Um dia, Eureka. Percebi que a mancha se assemelhava à uma
letra. Comprei todo o material pornô na banca de revista, que nos
últimos tempos era praticamente a única coisa que ainda se vendia nas
bancas, lotando prateleiras intermináveis, e levei tudo pra casa.
Ampliei meticulosamente cada buceta e percebi que as diversas
manchas formavam diversas letras, organizadas de maneira a embutir
também um código de enfileiramento, que quando postas na ordem correta
revelavam mensagens, ordens, comandos de ação, condutas, páginas e
mais páginas de mensagens subliminares, dizendo como agir e o que
fazer. Uma gigantesca biblioteca de ordens indicando às pessoas comuns
tudo o que deveria ser feito no dia-a-dia.

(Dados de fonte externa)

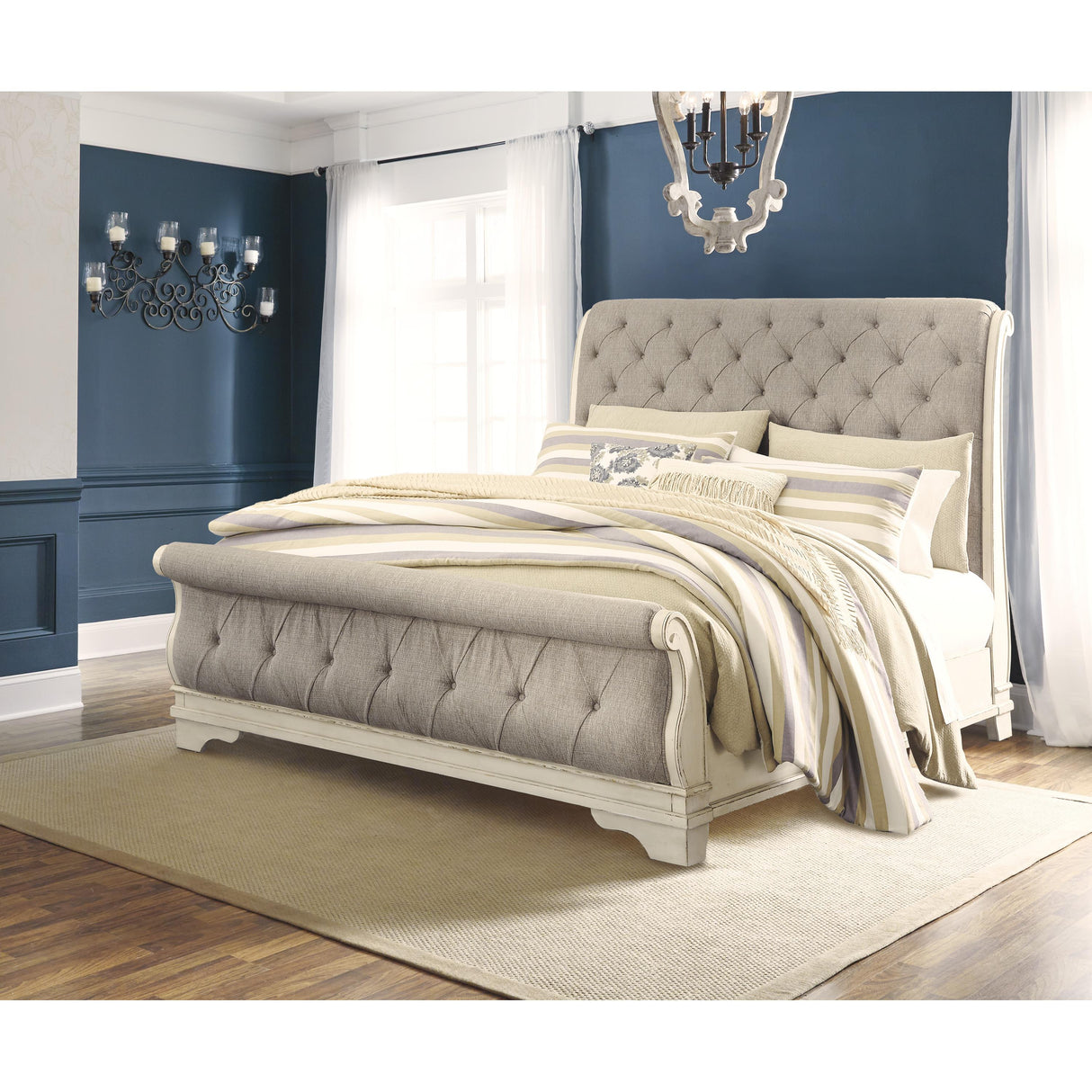 Signature Design by Ashley Realyn B743B4 Queen Sleigh Bed IMAGE 5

Tudo isso sendo aos poucos
passivamente assimilado cada vez que alguém vislumbrasse uma buceta.
Um sistema extremamente sofisticado que induzia o cérebro a organizar
corretamente o código de forma inconsciente, seguindo apenas as
indicações visuais que se auto-explicavam.
Era assustador.
Liguei para o número dos cantoneses. Expliquei tudo a eles,
que disseram que com essa descoberta estariam prontos para agir. Me
deixaram de lado e, depois de uma onda de ações de espionagem,
descobriram o responsável: Centicorp, o cartel das cem maiores
empresas do mundo, que sozinhas possuíam 97% por cento de tudo que era
vivo ou não-vivo. A guerra se desencadeou gerando as batalhas
sangrentas e destruição em massa das bucetas que hoje nos aflige.
Quanto a mim, saí da cena principal, virando mero espectador da
barbárie. É claro que, no entanto, como havia sido eu o cara a
decifrar todo o enigma do código subliminar, nada mais justo do que
usá-lo para lavar a mente de meus leitores e lucrar alguns trocados
como pagamento de direitos pelo minha descoberta. E foi assim que meus
contos se tornaram lidos sobre toda a face da terra e eu passei a
ganhar sucessivos prêmios literários em dinheiro vivo, inclusive os
maiores prêmios por anos e anos consecutivos. E até hoje, sempre que
posso, uso aquelas fotos e relembro dos velhos tempos da buceta
natural.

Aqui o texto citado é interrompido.